Required action: Give a verbatim copy of the lines below, minus the pictures.

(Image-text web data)
-=-=-=-=-

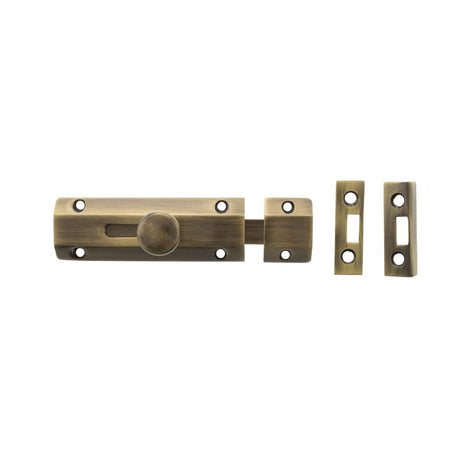 This is an image of Atlantic Solid Brass Surface Door Bolt 4" - Ant. Brass available to order from Trade Door Handles.
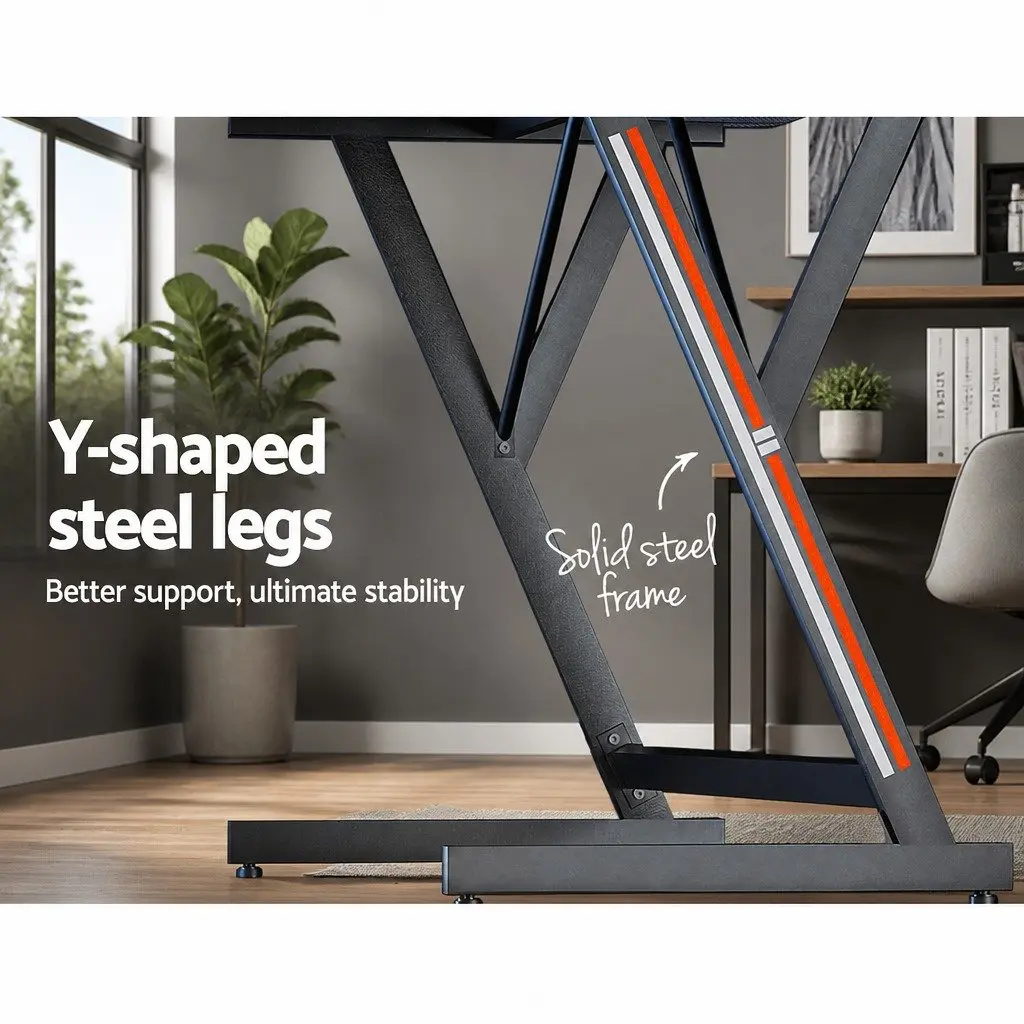 Gaming Desk MDF Steel 100CM Black Y-Shaped Legs Two Tier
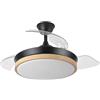 Eden pulse Ventilatore nero e faggio, 3 pale pieghevoli 6 velocità, LED integrato 3 temperature, 32/47x40/91 cm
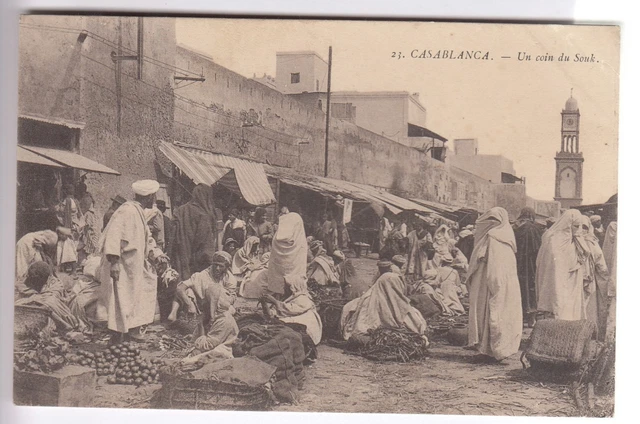 Cpa Africa Morocco - Casablanca A Corner Of The Souk Le March Minaret 1913 ~C50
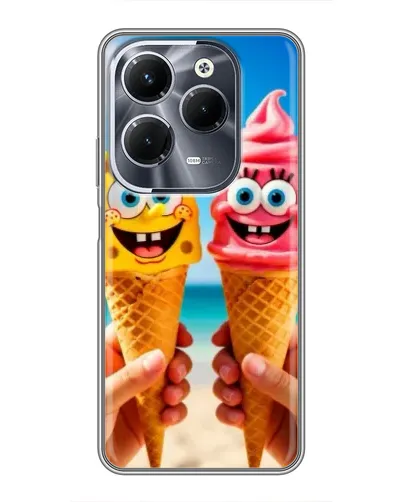 Чехол для Infinix Hot 40 Pro с картинкой «Спанч Боб мороженое»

-=-=-=-=-

Task result:
 This is an image of Atlantic Solid Brass Surface Door Bolt 4" - Ant. Brass available to order from Trade Door Handles.
 Gaming Desk MDF Steel 100CM Black Y-Shaped Legs Two Tier
 Eden pulse Ventilatore nero e faggio, 3 pale pieghevoli 6 velocità, LED integrato 3 temperature, 32/47x40/91 cm
 Cpa Africa Morocco - Casablanca A Corner Of The Souk Le March Minaret 1913 ~C50
 Чехол для Infinix Hot 40 Pro с картинкой «Спанч Боб мороженое»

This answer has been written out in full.